Uma vez que o autor pôs a questão nesses termos, reafirma
sua opinião apelando à doutrina de reconhecidos autores de teologia moral.
Assim, refere que, sem entrar nos casos concretos, nos quais a obrigação de
emitir o voto pode ser maior ou menor, e, inclusive, desaparecer por completo:
“pode-se assegurar com Ferreres que 'em geral, os que têm o direito ao voto,
estão obrigados em consciência a se dirigir às urnas'”.
Além disso, apela a Villada para quem: “dificilmente deixará
de haver obrigação de votar nas eleições, sobretudo municipais, porque
raramente deixará de haver uma esperança prudente de bom resultado”.

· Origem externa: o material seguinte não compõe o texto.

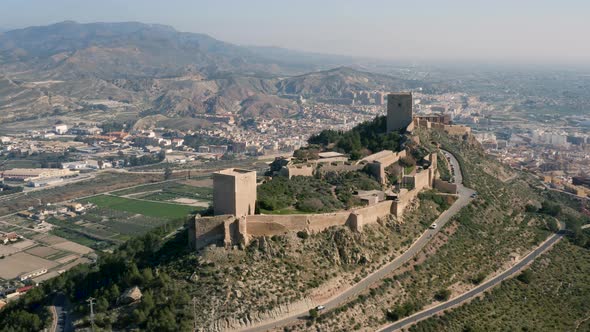 Castle of Lorca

A obrigação do católico, não de envolver-se ativamente em
política, mas de usar da ferramenta eleitoral enquanto esta estiver a sua
disposição, ou, dizendo de outro modo, de não submergir em consciente
indiferença, encontra-se referendada no ensinamento magisterial de Leão XIII,
que nas encíclicas Sapientiae Christianae, e mais explicitamente, em Immortale
Dei, não somente recomenda ativamente seu uso, bem como adverte sobre as consequências
de poderiam seguir-se de não o fazer.
Nesse último documento, escreve Leão XIII que: “[...] o não
querer tomar parte nenhuma nas coisas públicas seria tão mau como não querer
comprometer-se com nada que seja de utilidade comum, especialmente os católicos
que, ensinados pela mesma doutrina que professam, estão obrigados a administrar
as coisas com integralidade e fidelidade. Do contrário, se estão quietos e
ociosos, facilmente se apropriarão dos assuntos públicos pessoas cuja maneira
de pensar não ofereça grandes esperanças de são governo, o qual estaria, por
outra parte, unido com não pequeno dano da Religião Cristã, porque então
poderiam muito os inimigos da Igreja e muito pouco os seus amigos”.

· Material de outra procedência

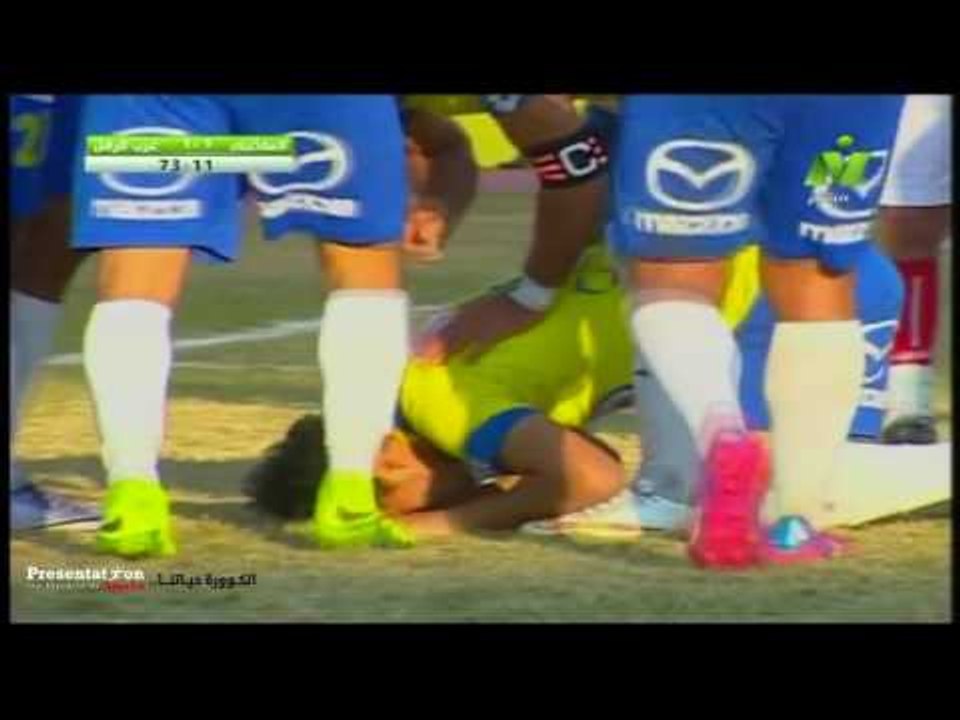 الهدف الثاني لنادي الاسماعيلي في عرب الرمل .. أ...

Já no final do seu artigo, o Pe. Minteguiaga descendo ainda
mais ao plano concreto, levanta a crucial e discutida questão: é lícito votar
em um candidato indigno quando concorre com outro mais indigno? Deixemos que
seja ele mesmo quem explique sua opinião, recorrendo a uma extensa citação de
seu escrito: “A qualificação de indigno se limita aqui ao candidato hostil à
Religião, como o é em mais ou menos grau o liberal enquanto liberal; por outra
parte, a necessidade de votar em um candidato indigno é clara e manifesta nas
uniões católicas e liberais (...) O célebre caso se baseia na suposição de que,
de qualquer modo, há de ser eleito um dos dois candidatos indignos, e também se
dá por suposto que não há má intenção no eleitor católico, intenção de que triunfe
o candidato indigno, senão unicamente a intenção clara de rejeitar e de evitar
a todo custo a eleição do candidato mais hostil à Religião”.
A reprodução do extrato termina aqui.